▶ _EXERCISE AIM_
The records that follow must be repeated exactly, except for their pictures.

▶ _DATASET ENTRIES_
|---|

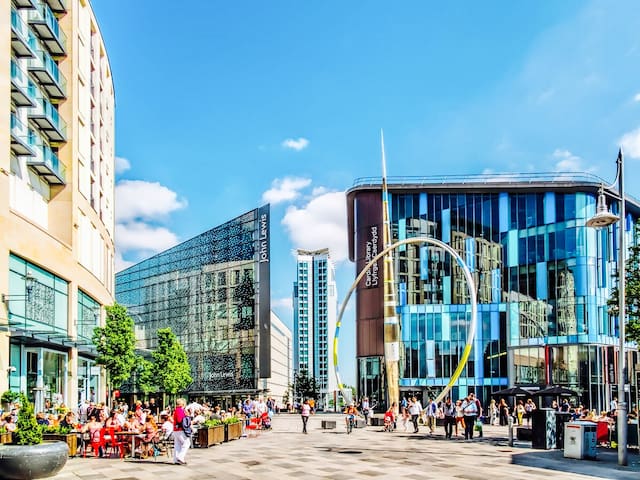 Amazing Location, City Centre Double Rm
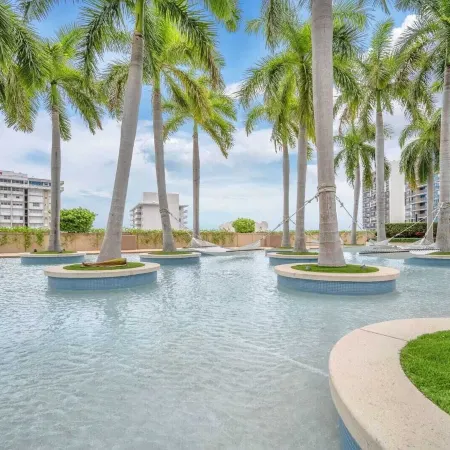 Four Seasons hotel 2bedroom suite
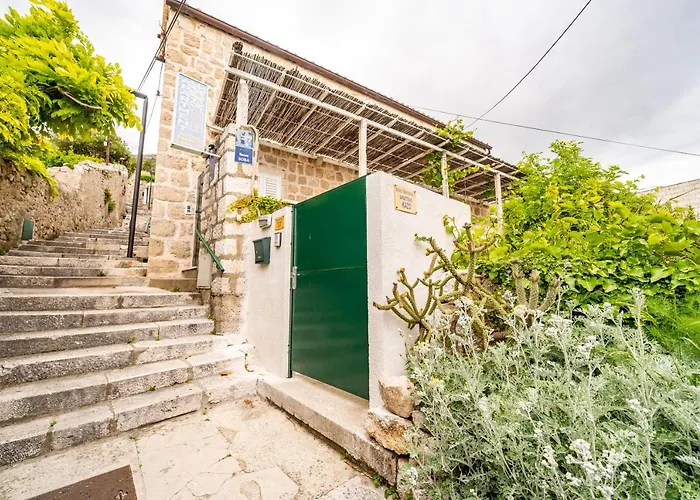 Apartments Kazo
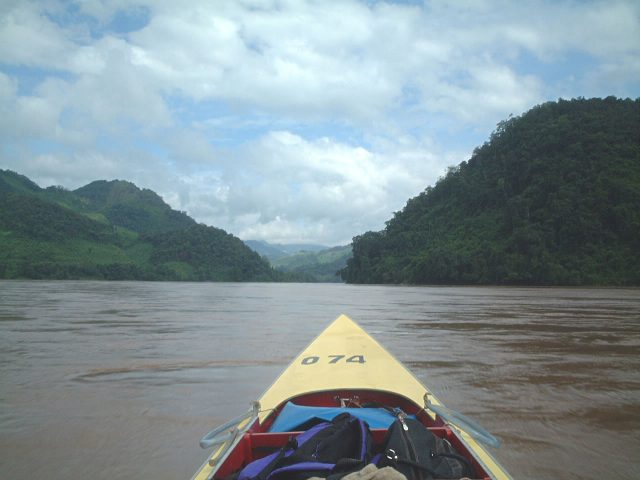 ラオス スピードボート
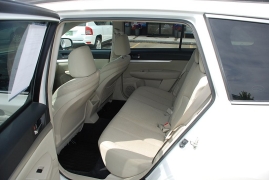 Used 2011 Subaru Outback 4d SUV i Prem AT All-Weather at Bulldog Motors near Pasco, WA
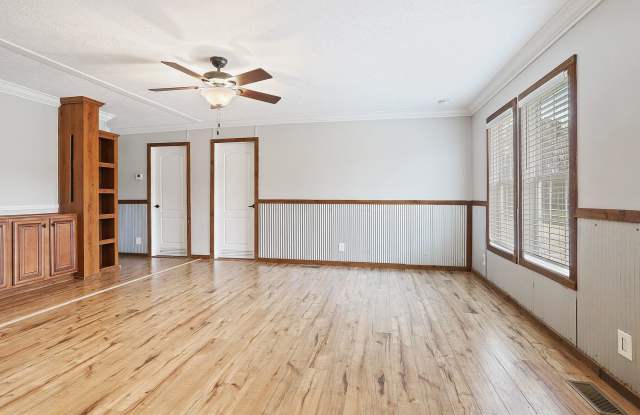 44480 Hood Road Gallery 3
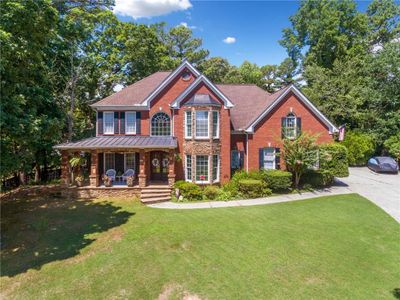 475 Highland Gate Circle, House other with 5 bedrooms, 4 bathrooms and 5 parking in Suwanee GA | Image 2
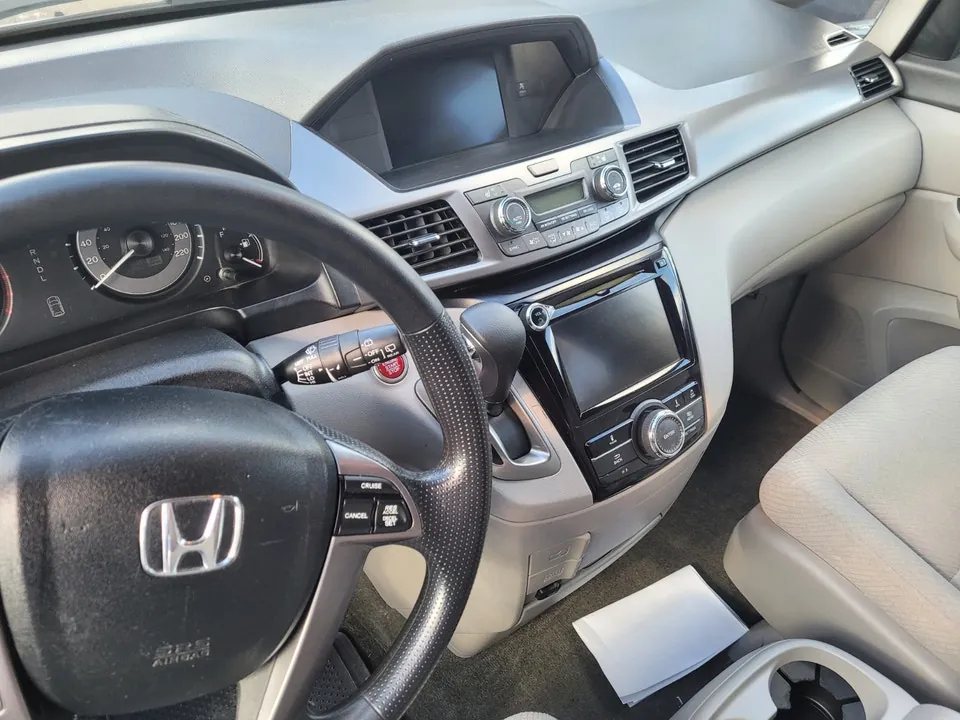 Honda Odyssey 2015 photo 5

|---|

▶ _REPLY_
 Amazing Location, City Centre Double Rm
 Four Seasons hotel 2bedroom suite
 Apartments Kazo
 ラオス スピードボート
 Used 2011 Subaru Outback 4d SUV i Prem AT All-Weather at Bulldog Motors near Pasco, WA
 44480 Hood Road Gallery 3
 475 Highland Gate Circle, House other with 5 bedrooms, 4 bathrooms and 5 parking in Suwanee GA | Image 2
 Honda Odyssey 2015 photo 5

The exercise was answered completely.